These two objects are being kept in the Museums store so I thought I would do a bit of research on them. One of the items are .303 British shell casings from WW1 and the other is an officers side arm holster also from WW1.
The .303 British bullets were first developed in Britain as a black-powder round put into service in December 1888 for the Lee-Metford rifle. In 1891 the cartridge was adapted to use smokeless powder. It was the standard British and Commonwealth military cartridge from 1889 until the 1950’s when it was replaced by the 7.62x51mm NATO. During a service life of over 70 years with the British Commonwealth armed forces the .303-inch cartridge in its ball pattern progressed through ten marks which eventually extended to a total of about 26 variations. The bolt thrust of the .303 British is relatively low compared to many other service rounds used in the early 20th Century. During World War One British factories alone produced 7 billion rounds of .303 ammunition. Factories in other countries greatly added to this total.

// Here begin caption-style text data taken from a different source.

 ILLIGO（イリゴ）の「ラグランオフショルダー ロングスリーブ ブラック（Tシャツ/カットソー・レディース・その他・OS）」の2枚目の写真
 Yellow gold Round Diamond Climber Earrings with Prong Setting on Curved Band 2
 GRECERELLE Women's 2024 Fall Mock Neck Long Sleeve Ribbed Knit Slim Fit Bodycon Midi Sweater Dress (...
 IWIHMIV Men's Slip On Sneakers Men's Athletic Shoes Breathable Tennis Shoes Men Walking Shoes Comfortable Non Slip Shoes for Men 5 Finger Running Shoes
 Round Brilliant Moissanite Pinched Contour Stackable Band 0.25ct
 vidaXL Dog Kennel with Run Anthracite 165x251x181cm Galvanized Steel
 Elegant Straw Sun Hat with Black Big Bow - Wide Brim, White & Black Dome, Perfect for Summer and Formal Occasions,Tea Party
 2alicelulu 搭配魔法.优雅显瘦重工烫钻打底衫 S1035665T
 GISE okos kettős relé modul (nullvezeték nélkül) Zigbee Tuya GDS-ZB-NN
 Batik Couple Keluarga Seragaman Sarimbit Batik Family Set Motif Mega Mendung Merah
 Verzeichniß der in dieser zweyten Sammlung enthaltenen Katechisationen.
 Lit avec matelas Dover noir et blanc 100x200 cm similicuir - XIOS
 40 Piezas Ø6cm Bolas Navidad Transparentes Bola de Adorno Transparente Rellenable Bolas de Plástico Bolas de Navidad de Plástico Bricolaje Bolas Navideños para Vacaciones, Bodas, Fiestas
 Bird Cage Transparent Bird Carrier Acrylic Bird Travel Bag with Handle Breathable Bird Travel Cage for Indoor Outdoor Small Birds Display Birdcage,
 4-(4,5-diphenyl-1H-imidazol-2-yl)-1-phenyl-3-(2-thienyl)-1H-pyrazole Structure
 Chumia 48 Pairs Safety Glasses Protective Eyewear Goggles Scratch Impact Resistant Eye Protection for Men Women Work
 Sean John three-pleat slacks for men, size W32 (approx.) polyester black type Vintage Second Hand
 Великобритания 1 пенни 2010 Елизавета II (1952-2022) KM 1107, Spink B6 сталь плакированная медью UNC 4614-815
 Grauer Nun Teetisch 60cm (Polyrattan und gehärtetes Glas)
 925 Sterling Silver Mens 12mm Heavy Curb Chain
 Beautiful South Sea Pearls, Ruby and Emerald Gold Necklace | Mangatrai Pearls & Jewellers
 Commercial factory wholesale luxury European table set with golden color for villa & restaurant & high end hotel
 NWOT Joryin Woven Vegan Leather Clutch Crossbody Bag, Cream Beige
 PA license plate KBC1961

The other item is a leather WW1 British Officers sidearm holster which we believe used to hold a Webley-Fosbery Automatic Revolver which was used by British Army officers as their side arm. The Webley-Fosbery Automatic Revolver was designed in 1895 and was produced from 1901-1924, the revolver is easily recognisable by the zig-zag grooves on the cylinder. Though Webley viewed this weapon as an ideal sidearm for cavalry troops, the Webley-Fosbery was never adopted as an official government sidearm. Several models of the Webley-Fosbery revolvers were produced, and the type saw limited action in the Boer Wars as well as World War One, where some privately purchased examples were carried by British Officers in the .455 service bearing. Reports from the field suggested that the Webley-Fosbery, with its precisely machined recoil surfaces, was more susceptible to jamming in wartime conditions of mud and rain than comparable sidearms of the period.